§ EXERCISE BRIEF: From first line to last, give the records again word for word and omit the pictures.

□ □ □ □ □ □ □

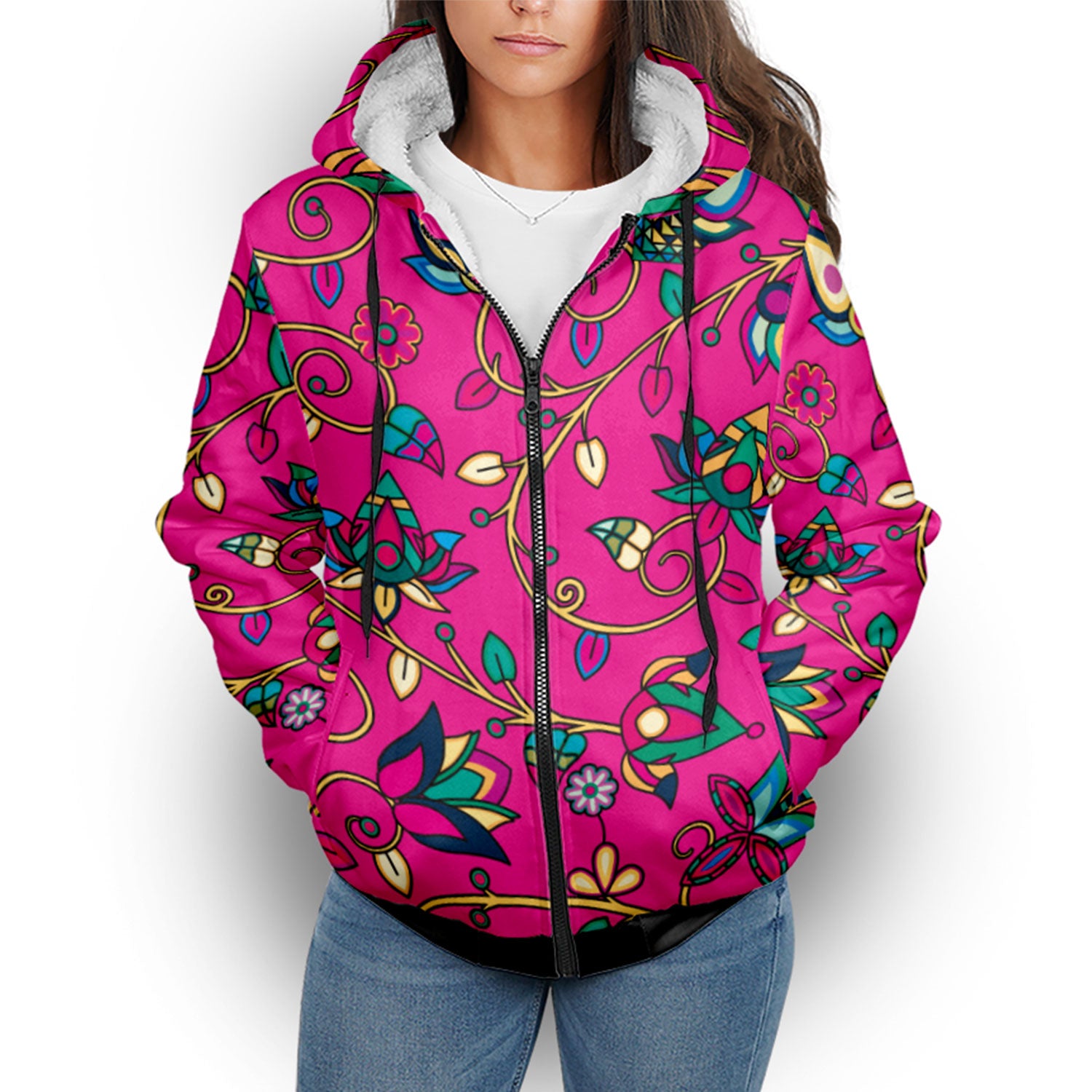 Thorny Path Pink Sherpa Hoodie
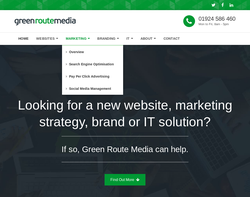 Screenshot of the Green Route Media homepage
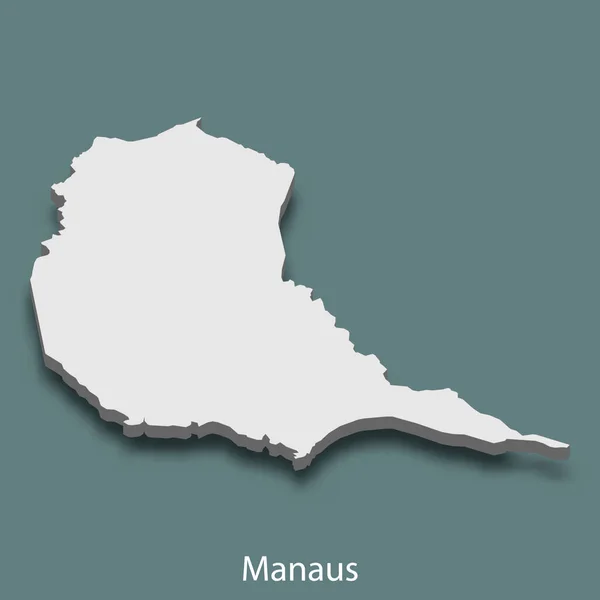 Isometrische Kaart Van Manaus Een Stad Van Brazilië Vector Illustratie — Stockvector
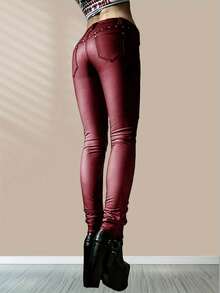 Red PU Leather Women's Skinny Pants Long With Button Pocket Zipper Details Plain Pattern Non-Stretch Fabric For Casual And Party Style - 紅色 - 查看 4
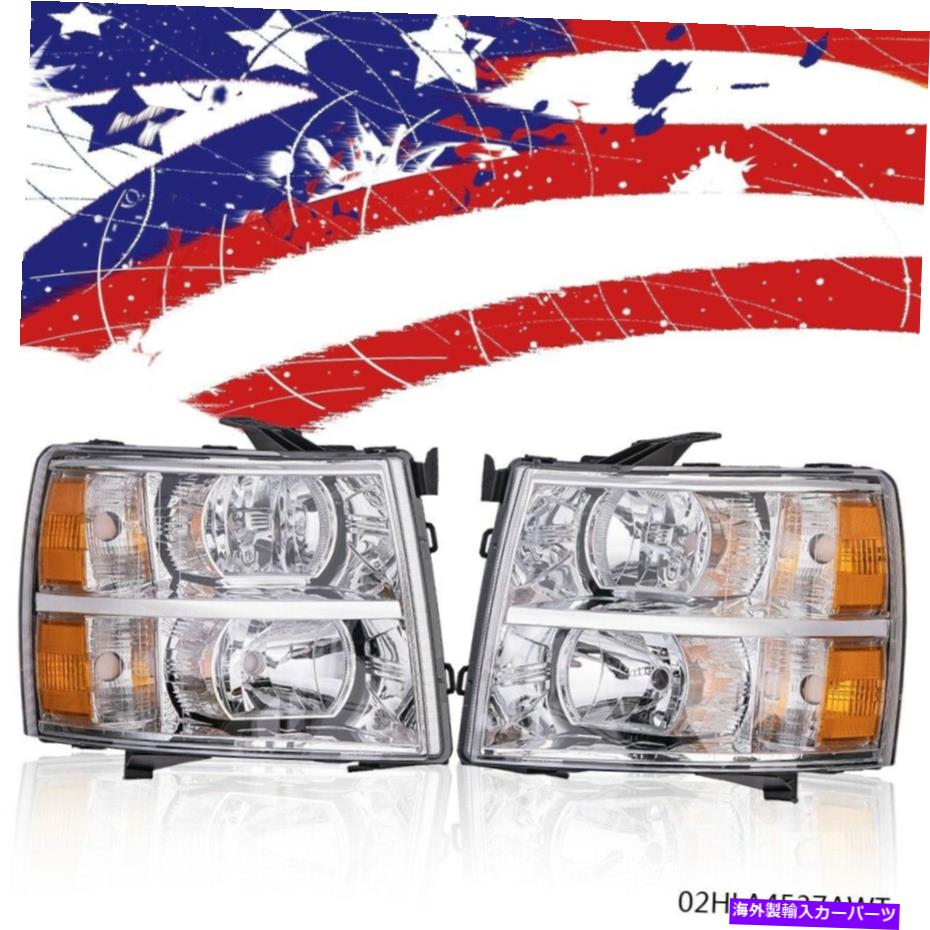 USヘッドライト 07~13のシボレーSilverado 1500/2500/3500琥珀色のヘッドライトChromeの取り替え新しい For 07-13 Chevy Silverado 1500/2500/3500 Amber Headlights Chrome Replacement NEW【並行輸入品】
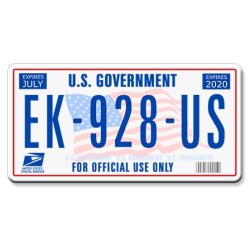 plaque immatriculation us government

□ □ □ □ □ □ □

§ YOUR RESPONSE:
 Thorny Path Pink Sherpa Hoodie
 Screenshot of the Green Route Media homepage
 Isometrische Kaart Van Manaus Een Stad Van Brazilië Vector Illustratie — Stockvector
 Red PU Leather Women's Skinny Pants Long With Button Pocket Zipper Details Plain Pattern Non-Stretch Fabric For Casual And Party Style - 紅色 - 查看 4
 USヘッドライト 07~13のシボレーSilverado 1500/2500/3500琥珀色のヘッドライトChromeの取り替え新しい For 07-13 Chevy Silverado 1500/2500/3500 Amber Headlights Chrome Replacement NEW【並行輸入品】
 plaque immatriculation us government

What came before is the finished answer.